The problem asks us to simulate a gaggle of bingo-playing grannies: given a sequence of draws and a set of bingo boards, we submit the score of whoever wins first.

Here’s the code, annotated with pointers to explanations below.

( # (1)
    lambda draws, boards: reduce( # (2)
        lambda score_and_boards, draw: (
            ( # (3)
                lambda boards: (
                    reduce( # (4)
                        lambda score, board: sum(
                            n for row in board for (n, seen) in row if not seen
                        )
                        * draw
                        if score is None
                        and any(
                            all(seen for (_, seen) in row)
                            for b in [board, zip(*board)] # (5)
                            for row in b
                        )
                        else score,
                        boards,
                        None,
                    ),
                    boards,
                )
            )( # (6)
                lmap( # (7)
                    lambda board: lmap(
                        lambda row: lmap(
                            lambda e: (e[0], draw == e[0] or e[1]), row
                        ),
                        board,
                    ),
                    score_and_boards[1],
                )
            )
            if score_and_boards[0] is None
            else score_and_boards # (8)
        ),
        draws,
        (None, boards),
    )[0]
)(*read("input.txt"))
  1. The form (lambda t: f(t))(g(x)) allows us to write f(g(x)) more concisely when f(t) has a lot of ts. Here, this lets me avoid writing read("input.txt")[1] multiple times when I mean boards. This pattern is like a less elegant form of let ... in or where from Haskell.
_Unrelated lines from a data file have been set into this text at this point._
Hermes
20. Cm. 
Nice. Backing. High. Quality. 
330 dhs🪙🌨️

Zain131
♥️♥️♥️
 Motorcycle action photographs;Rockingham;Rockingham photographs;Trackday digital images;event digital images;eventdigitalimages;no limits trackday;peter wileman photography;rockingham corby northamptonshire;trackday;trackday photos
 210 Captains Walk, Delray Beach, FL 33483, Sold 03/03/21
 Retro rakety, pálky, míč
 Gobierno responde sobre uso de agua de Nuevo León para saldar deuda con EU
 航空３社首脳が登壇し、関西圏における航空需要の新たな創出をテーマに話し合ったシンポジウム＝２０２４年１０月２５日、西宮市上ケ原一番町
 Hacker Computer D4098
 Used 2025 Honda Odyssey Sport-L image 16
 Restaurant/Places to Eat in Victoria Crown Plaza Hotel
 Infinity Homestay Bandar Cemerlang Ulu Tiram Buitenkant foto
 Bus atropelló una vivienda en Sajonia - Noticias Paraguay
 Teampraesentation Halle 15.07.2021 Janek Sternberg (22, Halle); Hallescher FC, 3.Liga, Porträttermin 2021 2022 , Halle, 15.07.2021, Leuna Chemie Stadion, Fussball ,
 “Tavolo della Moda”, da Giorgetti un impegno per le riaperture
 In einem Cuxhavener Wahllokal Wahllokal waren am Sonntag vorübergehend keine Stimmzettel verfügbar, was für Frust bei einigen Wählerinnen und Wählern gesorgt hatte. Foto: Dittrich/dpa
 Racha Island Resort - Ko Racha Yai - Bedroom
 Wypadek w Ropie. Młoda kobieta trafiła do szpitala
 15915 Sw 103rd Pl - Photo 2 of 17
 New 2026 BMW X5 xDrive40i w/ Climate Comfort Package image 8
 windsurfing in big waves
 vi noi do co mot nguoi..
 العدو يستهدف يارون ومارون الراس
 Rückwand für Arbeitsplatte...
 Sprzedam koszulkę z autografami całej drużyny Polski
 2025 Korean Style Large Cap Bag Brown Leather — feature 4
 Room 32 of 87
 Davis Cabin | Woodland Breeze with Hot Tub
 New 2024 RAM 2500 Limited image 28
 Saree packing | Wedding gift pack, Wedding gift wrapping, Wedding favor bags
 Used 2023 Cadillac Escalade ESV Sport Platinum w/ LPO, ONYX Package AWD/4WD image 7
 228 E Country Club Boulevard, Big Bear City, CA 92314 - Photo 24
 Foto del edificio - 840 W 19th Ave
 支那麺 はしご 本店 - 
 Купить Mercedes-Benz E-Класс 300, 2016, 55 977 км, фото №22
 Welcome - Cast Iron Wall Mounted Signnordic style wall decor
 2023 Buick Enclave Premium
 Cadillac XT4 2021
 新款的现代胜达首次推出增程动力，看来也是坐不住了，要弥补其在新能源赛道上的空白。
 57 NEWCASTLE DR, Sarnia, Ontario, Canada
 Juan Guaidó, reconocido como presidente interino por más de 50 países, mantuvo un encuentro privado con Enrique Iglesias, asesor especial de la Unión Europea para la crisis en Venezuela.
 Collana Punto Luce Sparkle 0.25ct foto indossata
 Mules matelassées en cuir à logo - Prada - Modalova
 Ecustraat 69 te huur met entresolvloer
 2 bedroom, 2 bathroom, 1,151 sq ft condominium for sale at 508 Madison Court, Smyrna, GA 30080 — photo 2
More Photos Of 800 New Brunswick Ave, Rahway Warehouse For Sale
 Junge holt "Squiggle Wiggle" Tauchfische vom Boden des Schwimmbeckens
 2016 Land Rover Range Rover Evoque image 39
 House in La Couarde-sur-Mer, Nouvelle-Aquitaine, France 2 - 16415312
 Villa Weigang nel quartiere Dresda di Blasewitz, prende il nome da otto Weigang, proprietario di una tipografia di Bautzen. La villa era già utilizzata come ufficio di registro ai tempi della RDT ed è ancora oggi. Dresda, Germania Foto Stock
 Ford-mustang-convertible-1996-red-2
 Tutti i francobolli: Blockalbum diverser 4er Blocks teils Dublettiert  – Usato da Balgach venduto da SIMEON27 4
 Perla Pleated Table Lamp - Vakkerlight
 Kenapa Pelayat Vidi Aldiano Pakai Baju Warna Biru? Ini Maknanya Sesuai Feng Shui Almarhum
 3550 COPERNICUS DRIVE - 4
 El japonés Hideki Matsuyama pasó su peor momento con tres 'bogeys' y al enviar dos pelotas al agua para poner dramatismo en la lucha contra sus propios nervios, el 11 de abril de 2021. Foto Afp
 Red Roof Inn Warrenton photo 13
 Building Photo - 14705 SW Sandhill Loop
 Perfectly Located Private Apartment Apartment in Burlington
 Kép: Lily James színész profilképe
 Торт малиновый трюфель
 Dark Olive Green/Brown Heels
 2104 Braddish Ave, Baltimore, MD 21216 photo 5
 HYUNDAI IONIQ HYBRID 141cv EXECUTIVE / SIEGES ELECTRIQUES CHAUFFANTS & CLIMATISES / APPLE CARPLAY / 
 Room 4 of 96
    read is just boilerplate. It returns (draws, boards), where draws is the list of numbers drawn and boards is a list of bingo board states, represented by 5x5 listlists of tuples (n, seen) with seen initially False.

  2. This is functools.reduce, which is just a fold in FP lingo; reduce(f, [x] + xs, a) == reduce(f, xs, f(a, x)).

    In our case f is the lambda at (3), which maps tuples score_and_boards := (winning score: Maybe int, current board states: [[[(int, bool)]]]) and the current draw to a new score_and_boards tuple. The iterable to be reduced is draws, and the initial value of score_and_boards is (None, boards), which indicates that there is initially no winning score and all boards are unmarked.

    At the end of the reduction, we pluck off the score from the final tuple.

  3. We use the composition trick from (1) again here.
  4. This reduce searches the updated board states for a winning board, returning the score of the first board with a complete row or column of seen entries, or None if none exists. We assume that there is no tie for first.
  5. zip(*board) is the transpose of board; its rows are columns of board.
  6. To update board states, for each board we flip the seen bit of each entry if matches the current draw.
  7. Our lmap is just the composition list . map. These lines would be less obnoxious as a list comprehension.
  8. We stop searching for a win if someone has already won.

Here’s the equivalent procedural code:

draws, boards = read("input.txt") # (1)
for draw in draws: # (2)
    for i, board in enumerate(boards): # (4)
        boards[i] = [ # (6)
            [(n, draw == n or seen) for (n, seen) in row]
            for row in board
        ]
        if any(
            all(seen for (_, seen) in row)
            for b in [boards[i], zip(*boards[i])] # (5)
            for row in b
        ):
            return draw * sum(
                n for row in boards[i] for (n, seen) in row if not seen
            )

A third as many lines as the “one-liner” (according to black, at least), and perhaps a bit more readable.